You can check if the file name is in your 'md5' file and if not copy it:

for f in $SRC/*
do
  grep -q $f md5_files.txt
  if [[ $? -ne 0 ]]; then
    cp $SRC/$f $DST
  fi
done
1 Like

So I'm thinking more as I go... I haven't test this yet, but it this a valid modification?

SRC=/user/nick/.phonesync/photos-backup
DST=/user/nick/.phonesync/photos-new
MD5=/user/nick/.phonesync/photos-backup.md5

for f in $SRC/*
do
  grep -q $f $MD5
  if [[ $? -ne 0 ]]; then
    cp $SRC/$f $DST
  fi
done

Then the one thing I would want to add to this is to do an append of the md5sum of each file copied. So maybe having a "md5sum $f >>$MD5" before the close of the if statement. Does that sound like it would work? If so, how do I properly include that in the if? (Yes, I'm very new to this.)

Thanks!

You seem to have it:

for f in $SRC/*
do
  grep -q $f $MD5
  if [[ $? -ne 0 ]]; then
    cp $SRC/$f $DST
    md5sum $f >> $MD5
  fi
done
1 Like

OK... I have to go home and test this, but if I wanted to be able to run a command like this...

./copy_new_photos.sh nick

and that would look for the user "nick" for new photos and then copy them, then I would script it like this...

#!/bin/bash

USER=$1
SRC=/user/$USER/.phonesync/photos-backup
DST=/user/$USER/.phonesync/photos-new
MD5=/user/$USER/.phonesync/photos-backup.md5

for f in $SRC/*
do
  grep -q $f $MD5
  if [[ $? -ne 0 ]]; then
    cp $SRC/$f $DST
    md5sum $f >> $MD5
  fi
done

Did I get it right?

Have you tried rsync?

rsync -a "${SRC}"/ "${DST}"/

As far as I see, you only copy files that are not on the md5sum list. I do not see you are doing any md5sum check against the files though.

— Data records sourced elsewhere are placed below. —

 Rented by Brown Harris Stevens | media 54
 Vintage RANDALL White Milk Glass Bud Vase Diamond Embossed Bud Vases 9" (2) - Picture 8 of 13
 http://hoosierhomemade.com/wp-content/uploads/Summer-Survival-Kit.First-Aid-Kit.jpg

Actually you could just use --ignore-existing of rsync if you want to ignore the files that both exist in the source and destination directories.

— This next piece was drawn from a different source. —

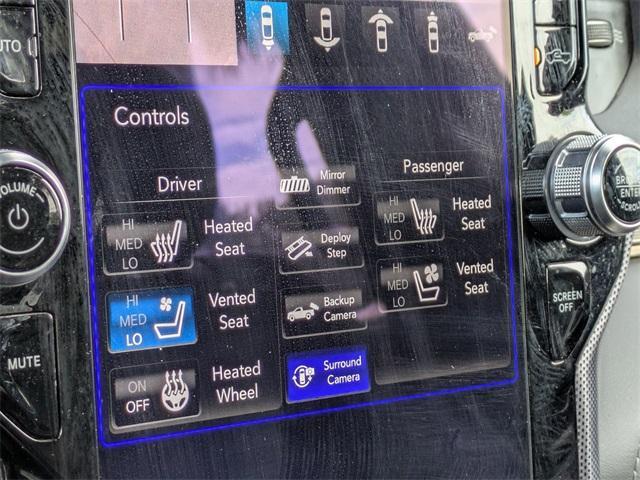 Photo of 2021 Granite Crystal Clearcoat Metallic RAM 1500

rsync -avv --ignore-existing src/ des/

If you still want to keep track of that list and have the command that does the copying and excluding, you could use --exclude-from={PATH_TO_YOUR_LIST} of rsync

Thank you for suggestions. But rsync is not my solution. I want to be able to delete all the files in the $DST folder but yet not have files copy over again, even if the $DST is empty and the $SRC is full. Bottom line, if the files that are "currently" in $SRC have already been copied once over to $DST, then the don't copy again (unless I intentionally restart be deleting the MD5 list).

I was ponder this code last night too and I realized that it's just parsing a filename in an MD5 list. It's almost like I need to do something like this...

#!/bin/bash

USER=$1
SRC=/user/$USER/.phonesync/photos-backup
DST=/user/$USER/.phonesync/photos-new
MD5=/user/$USER/.phonesync/photos-backup.md5

for f in $SRC/*
do
  FMD5=md5sum $f
  grep -q $FMD5 $MD5
  if [[ $? -ne 0 ]]; then
    cp $SRC/$f $DST
    md5sum $f >> $MD5
  fi
done

Unfortunately, I'm not where I can test this right now, but does that seem like it would work?

---------- Post updated at 10:34 AM ---------- Previous update was at 09:39 AM ----------

OK... I had a moment to test a script and this is what happened.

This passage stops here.